After all, this is the policymaker who in January dismissed hikes this year as a “fanciful theory,” barring an unlikely shock. The one who, on March 5 and thus a week into such a shock, still saw no reason for hikes. Who, on March 20, didn’t want to “fully exclude” policy easing. Who, on March 26, accused markets of “overinterpretation.” And who, as late as March 29, was still declaring any debate about the date of a possible rate move “very premature.”

Four days after that, true to what we have previously called his “habit of staking out positions with confidence and then recalibrating seamlessly without acknowledging the recalibration,” he abruptly says that “the next change in key interest rates is highly likely to be upwards” – prefaced, no less, by the word “obviously.”

To infer an increased readiness on his part to tighten policy would be a mistake. A more careful study of the speech reveals repeated application of familiar brakes, starting with his insistence, again, that “we are not witnessing a repeat of 2022.”

He reiterated that when expectations are anchored, there is “no need to overreact by aggressively raising interest rates.” He argued that monetary policy can respond “in an unhurried manner,” and stressed that it was “far too early to predict a timetable” for rate increases. He warned against “overreacting to a shock that is, in any case, already slowing down the economy.”

So, no, Villeroy has not suddenly become an advocate of an April hike. Such advocacy would imply notably more effort to normalize a near-term move, more insistence that delay itself carried growing danger. Instead, what he offered was uncharacteristic directional honesty paired with characteristic timing restraint.

Coming from him, even that much forthrightness is noteworthy. The best explanation is that Villeroy now feels freer to admit what was already inescapable: that the next move, whenever it comes, is more likely to be up than down.

Why should he feel freer? Because near-term ECB action no longer looks especially likely anyway, in line with our contention in this space that a hold on April 30 increasingly seems the default option. For us, the contrast between his new frankness on direction and his continuing caution on timing fits this inference well.

The burst of candor takes on added meaning in light of his plan to leave office in June. If he believes an April hike is unlikely absent a marked deterioration over the coming weeks, then he can afford to be realistic without materially increasing the risk that his final meeting will yield the sort of move he would normally strain to avoid encouraging. A hike that comes later? Someone else’s decision.
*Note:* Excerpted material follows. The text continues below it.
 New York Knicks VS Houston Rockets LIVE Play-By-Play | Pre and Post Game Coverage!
From that perspective, the only remarkable thing about his April 2 speech is that he suddenly sounded unusually honest. The old Villeroy tendency has been to leave as much room as possible for easier policy and to minimize the likelihood of anything else. For once, the usual dovish signaling did not dominate. He admitted the probable direction of travel while still hedging that admission with every indication that the ECB need not rush there.
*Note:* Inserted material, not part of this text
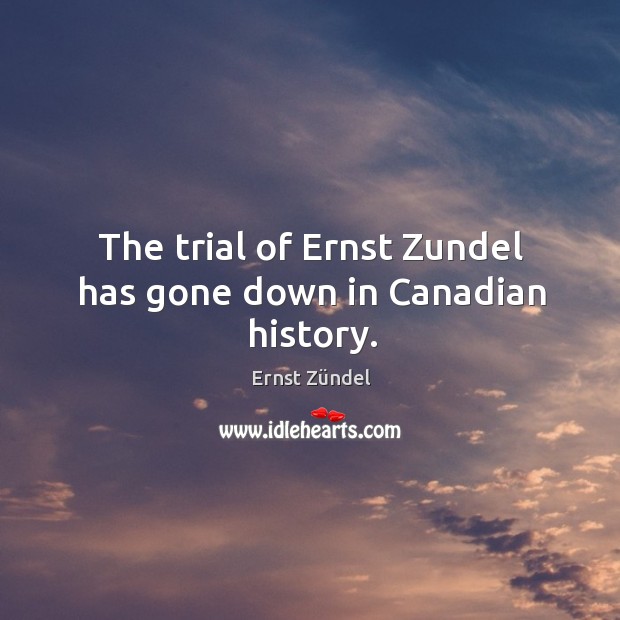 The trial of ernst zundel has gone down in canadian history. Ernst Zündel Picture Quote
That is the larger context in which his comments belong. Those who hear “highly likely to be upwards” and infer that Villeroy may now be on board for an April hike are overinterpreting him. The more persuasive interpretation is almost the opposite: he sounds this candid now because he feels safe in doing so. The likely direction can be admitted precisely because the timing remains open, the brakes are still on, and a hike looks like something for later, not April 30.